In her seminar on innovation and design, Carter helps students overcome obstacles blocking them from developing creative solutions to challenging problems. Carter, a MacArthur Fellow and Peabody Award-winning broadcaster, tells the story of working with students who worried that they were not born with a “creativity gene” and feel destined to follow a restrictive path. “Watching those same students move beyond their self-imposed boundaries, apply practices they learned in class, and utilize talents and connections they were not previously aware of was easily the most inspiring part of my semester,” she said.

Alice Kogan

Kogan joined the Keller Center after spending seven years at the design and innovation consultancy IDEO, where she led teams of designers to create new products, services, and experiences across a range of industries and types of challenges. She teaches Creativity, Innovation, and Design, the Keller Center’s foundational design course. Kogan said the course challenges the students in ways that are meant to push them to rethink what it means to approach difficult problems. “What’s perhaps most impactful about this class is the way in which it teaches them to approach problem-solving in ways completely counter to what’s made them successful prior to and at Princeton. They are pushed to come up with big, bold, outrageous ideas, rather than correct ones. They are nudged to question things they take for granted.”

Christopher MacPherson

A computer scientist who worked for the National Security Agency and the Pentagon on counter-terrorism, MacPherson did not take a typical path to academia. So, it is not surprising that he tells his students to embrace ambiguity and seek new trails to blaze.

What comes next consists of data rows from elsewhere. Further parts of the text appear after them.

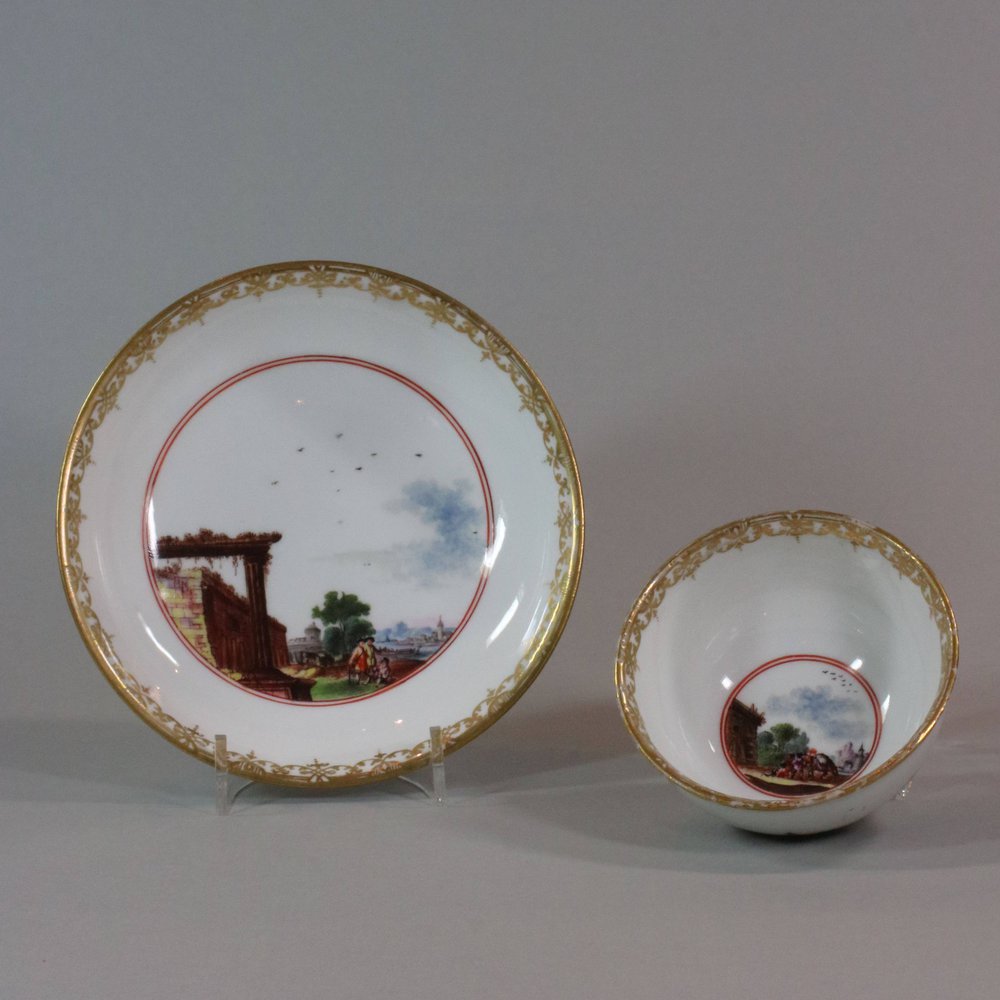 W72 A Meissen teabowl and saucer, circa 1740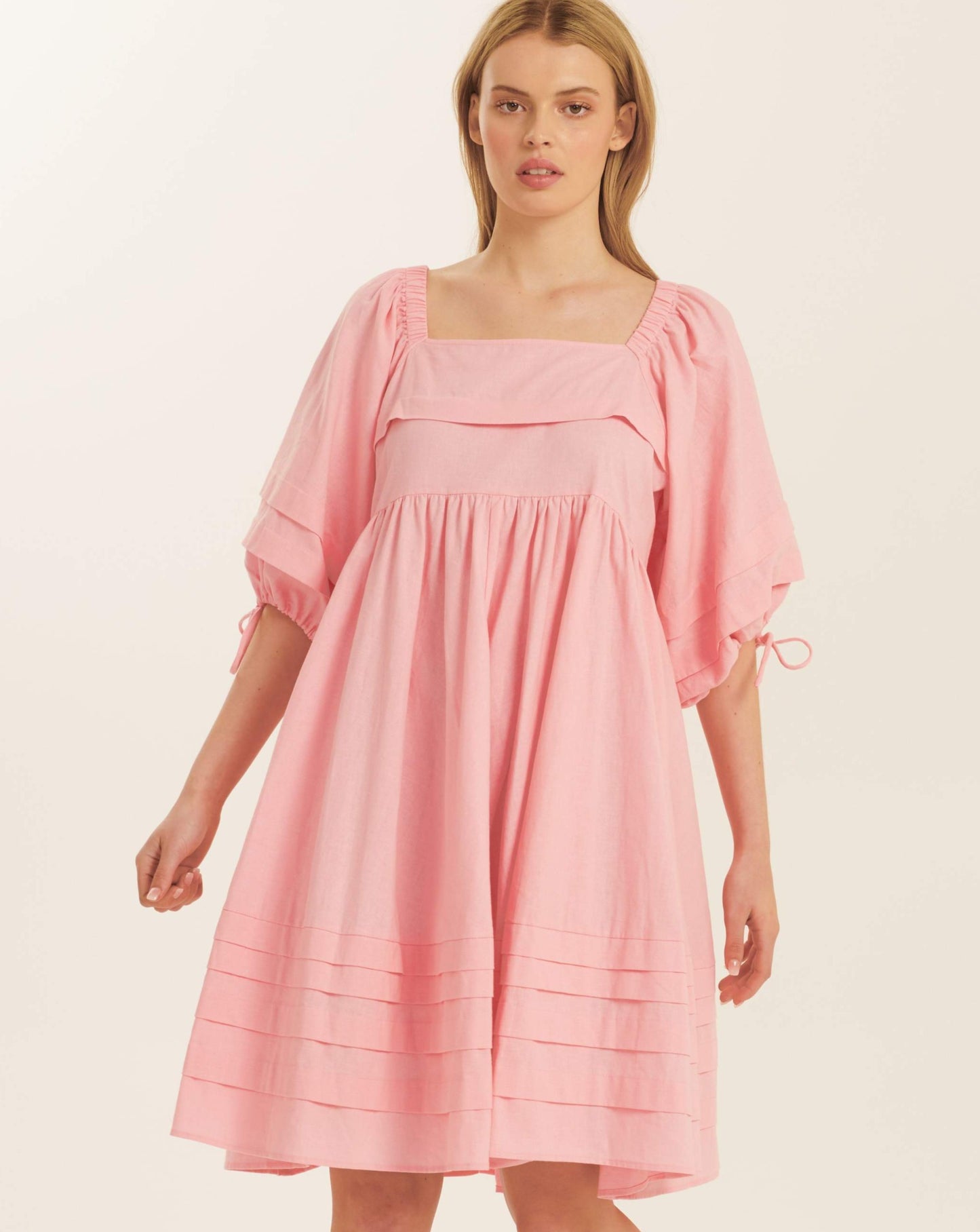 Oversized pink linen dress puff sleeve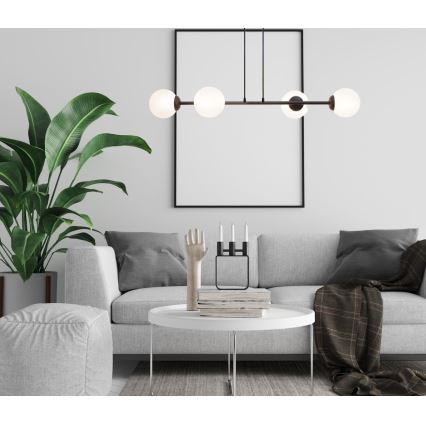 Luster na sajli FIRA 4xE27/60W/230V crna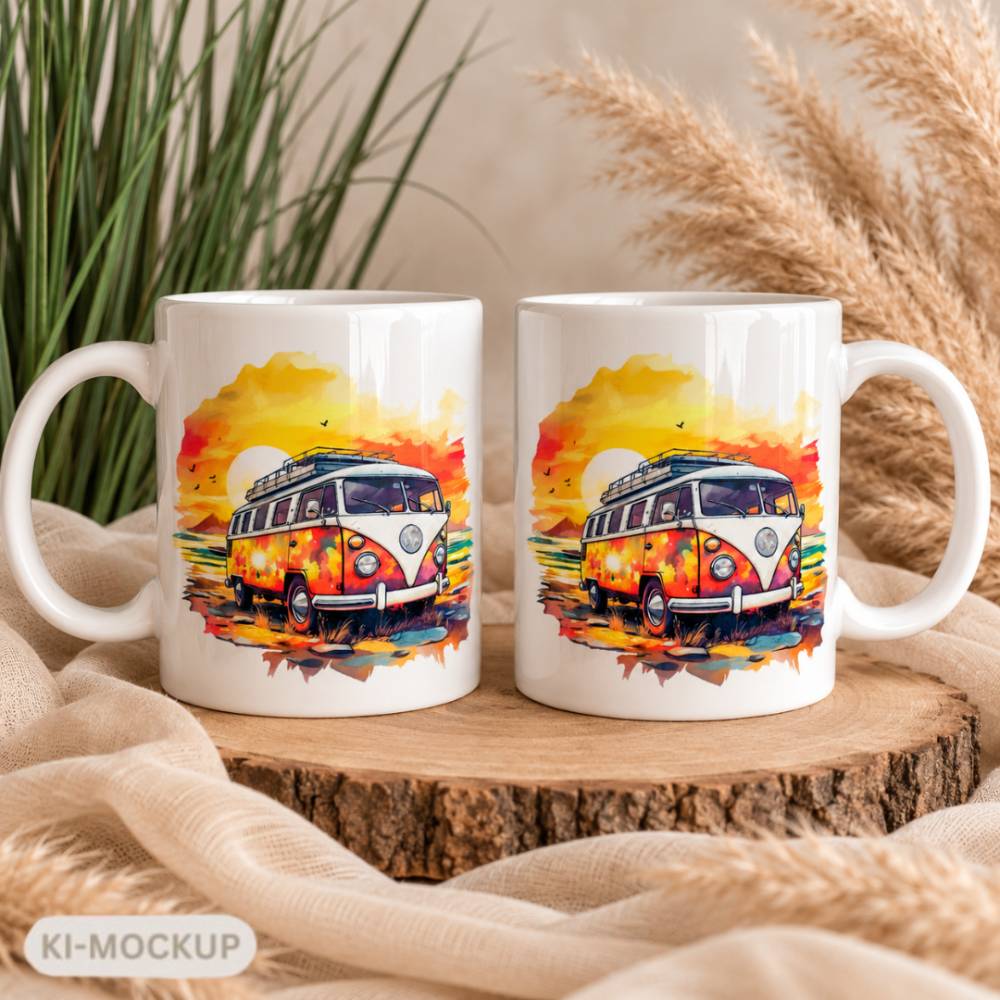 Camper Tasse mit Retro Bus & Sonnenuntergang | Camping Kaffeetasse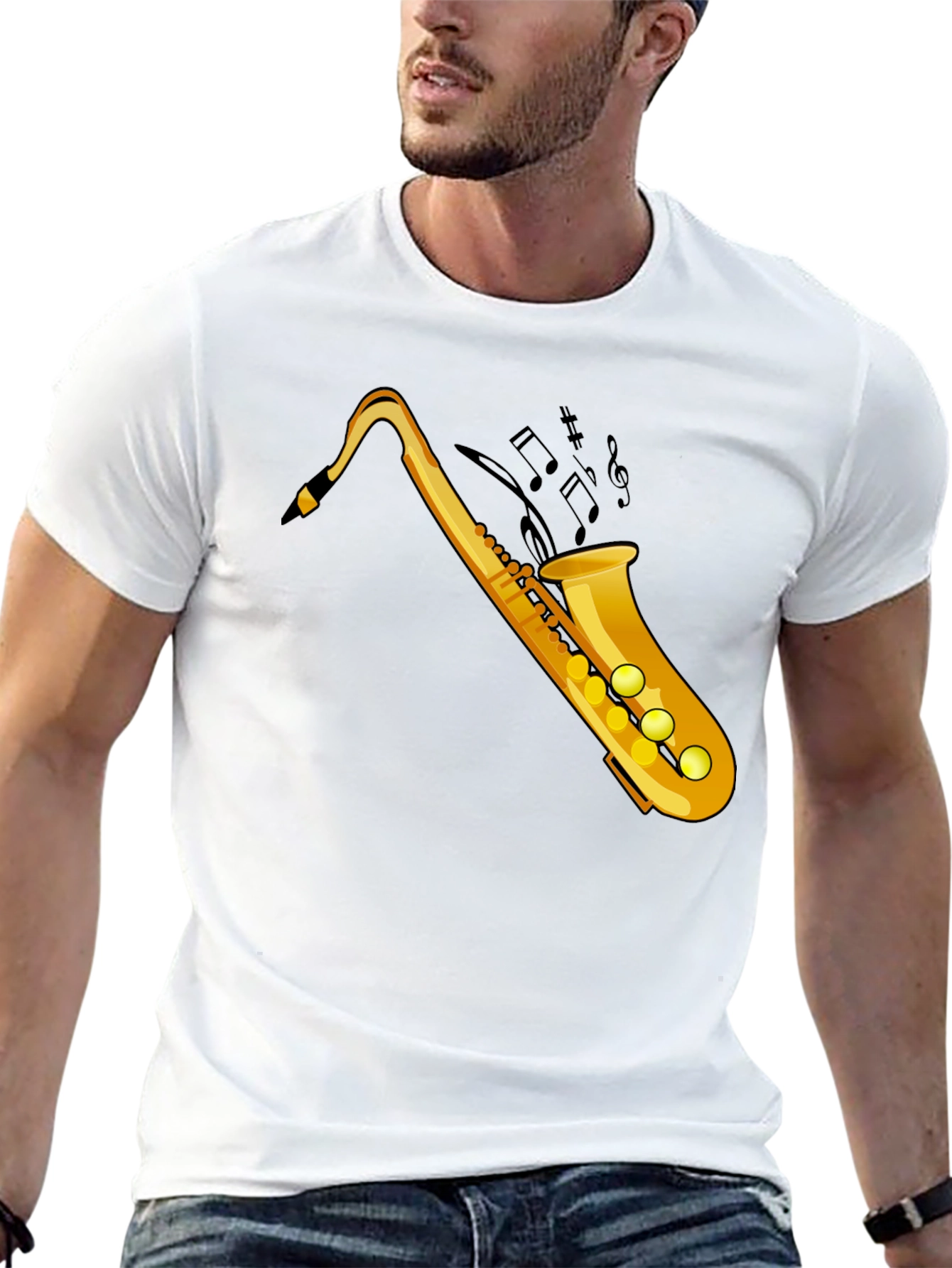 Saxophone Graphic Tee - Black T-Shirt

“Moving forward doesn’t always happen in a straight line,” he said.

MacPherson, who has a graduate degree from the School of International and Public Affairs, said the design courses at the Keller Center introduce students to problems without well-defined solutions. He said students learn that “the way we frame a question is often as crucial as the solutions that we propose.”

Joy Marcus

The former EVP and GM of Digital Video for all Conde Nast publications including The New Yorker and Vogue, Marcus ‘83 is the co-founder and General Partner of The 98, a venture fund that invests in women-led technology businesses disrupting industry. Marcus served as the James Wei Visiting Professor in Entrepreneurship in 2014 and 2015. In her course, Creating Value, Marcus introduces students to the building blocks of successful entrepreneurship. “We start with a discussion of mindset,” Marcus said, reflecting on the way that inner dialogue affects creativity. The students then master a tool kit of techniques that allow them to transform ideas into solutions. “We apply the tool kit to some of the biggest problems in the world as expressed in the U.N.’s Sustainable Development goals,” she said.